In establishing a staging or landing area for a data lake, a data hub, or a quaint data warehouse environment, structures need to be established that will mimic source data in support of two very basic queries. First, “What does the current source dataset look like?” And, “What change activity has occurred against the source since the last time it was interrogated?”

As simple as these questions sound, supporting the ability to answer them clearly, quickly, and consistently can be quite involved. The incoming data may essentially be one of two kinds of data: it may be transactional, or it may be a snapshot.

A transactional source may inherently consist of adds, changes, and deletes, or it may consist of transactions for unique events that once they occur, they cannot change, like clicks on a website. These transactional sources naturally provide the answers to the what-has-changed question. Transactional sources of unique events quite naturally answer both questions, as nothing that has happened can ever change. 

Snapshots are related to batch processing approaches, and usually contain a full set of current data at the point-in-time that the snapshot is made. Therefore, snapshots excel at answering what was the source system’s current state. As one can imagine, a snapshot cannot address what has recently changed, unless the source system itself contains change dates encompassing the desired level of changes, albeit without old/new value tracking capability.

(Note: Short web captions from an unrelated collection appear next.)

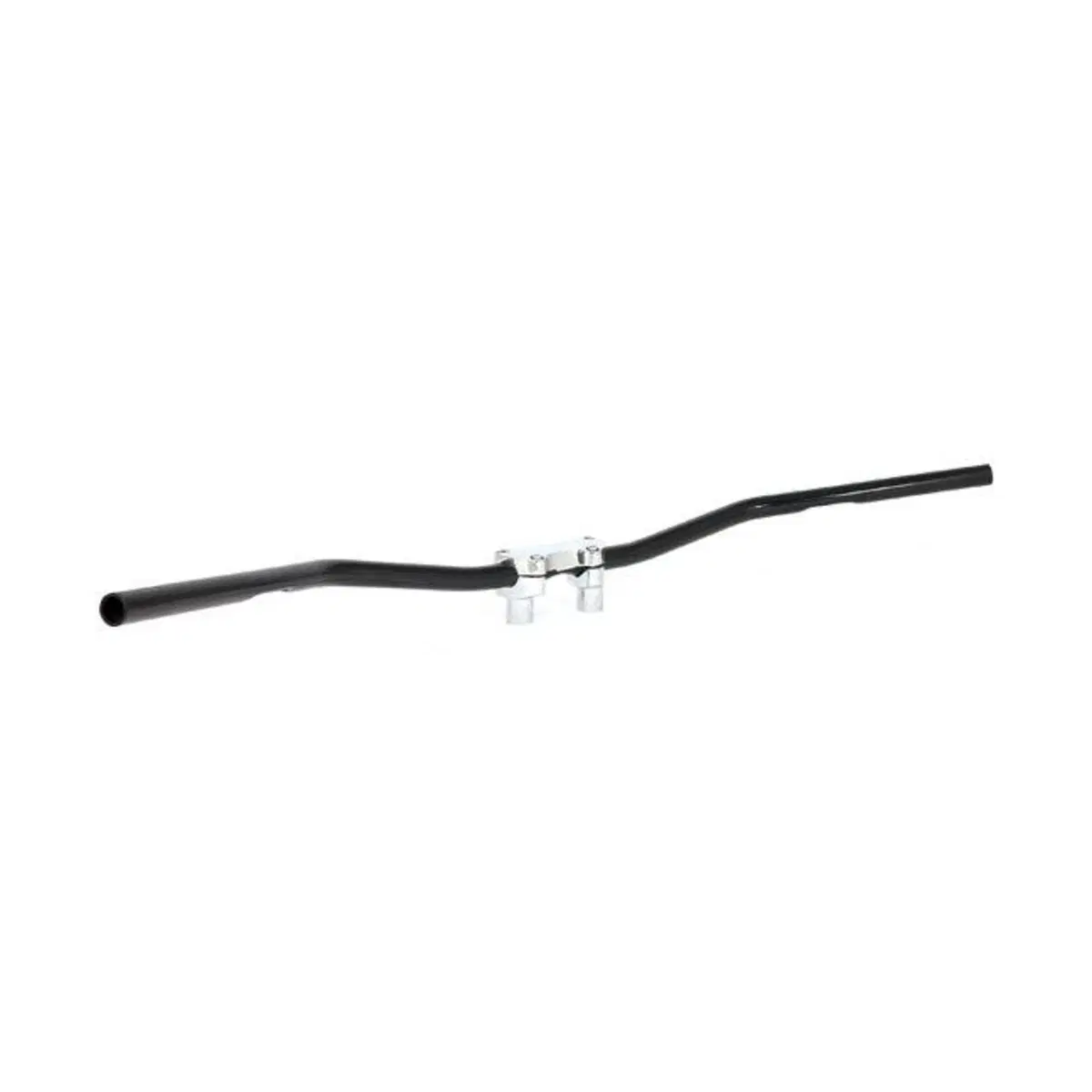 Manubrio Flyer 1'', Largo 39'' ( 101 m), nero, con Fehling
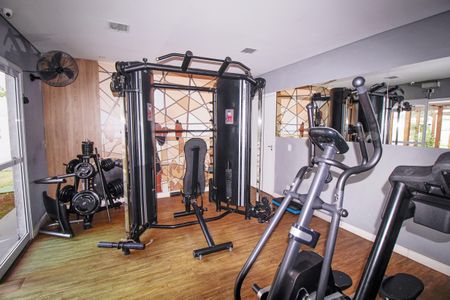 Apartamento à venda com 65m², 2 quartos e 1 vaga Apartamento à venda com 65m², 2 quartos e 1 vagaÁrea comum - Academia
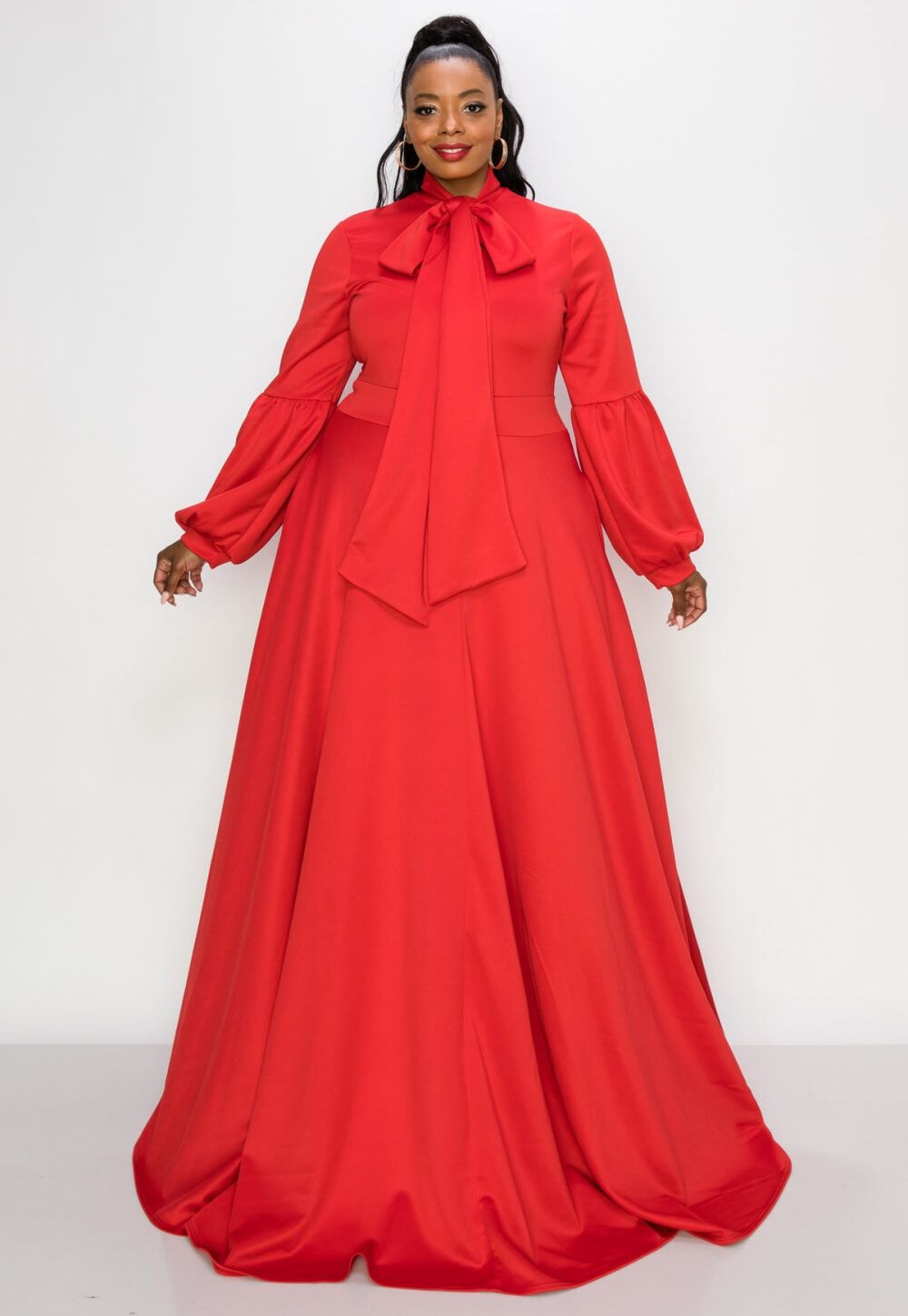 Bella Donna Dress, Red / Red, hi-res image number 0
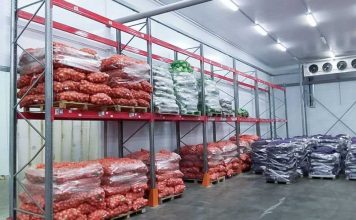 Туркменский предприниматель предоставляет услуги современных холодильных камер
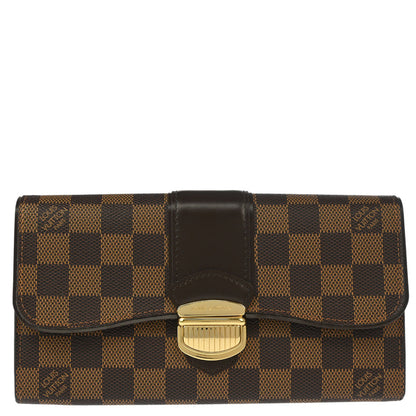 Louis Vuitton 2013 Damier Portefeuille Sistina Wallet N61747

In general, answering the two basic staging structure questions concerns two differing logical structures. One is an exact copy of the source, and the second is a detailed listing of every change.  Except for the unique event transaction structure, wherein the one set of data serves both purposes, our sources directly provide one piece of the puzzle, and the other piece must be derived.

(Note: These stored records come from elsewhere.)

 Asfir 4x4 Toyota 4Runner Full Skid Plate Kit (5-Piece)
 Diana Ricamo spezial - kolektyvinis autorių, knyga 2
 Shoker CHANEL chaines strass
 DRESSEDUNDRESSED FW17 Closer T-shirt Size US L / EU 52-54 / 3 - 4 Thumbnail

Transactions answer what-has-changed, but those same transactions must either be applied somewhere or the record representing the latest version of each natural key must be constantly identified. To identify changes for snapshots, the current version must be compared to the previous version and differences tracked and quantified. Certainly, the point-in-time nature of versions can only allow for one change per cycle, even when multiple changes may have occurred within that cycle time. Natural keys that pop into existence in the current version are “Adds”; and natural keys, disappearing from the current that were in the previous version, are “Deletes.”

Physically, a single structure may be created that contains the answers for both questions. This structure would be comprised of a part emulating the original source data, plus a designation of the row as added, changed from previous, or deleted, and lastly a datetime for the change activity. The primary key for such a structure could be a completely generated surrogate, or a composite of the source’s natural key plus the change datetime value. The potential issues with such a single structure concern performance. Those wanting a current view of the data would be weeding through all the changes to find the last view for each key. If implemented as a relational table, an awkward recursive join might occur. The clumsiness of the query might be diminished slightly if an additional attribute were added that flagged which is the current instance. But not only the initial processing is impacted; because rather than just inserting new records, updates must be made against the previous records to identify which are the current changes, with every change.

The alternative is to embrace two separate structures, i.e., one a copy of source, the other a list of changes. In this fashion, each structure can be optimized for the one question supported.  Notably, the downside to this second approach is the necessity of maintaining two distinct structures. One needs to pick one’s poison and balance performance limits and needs.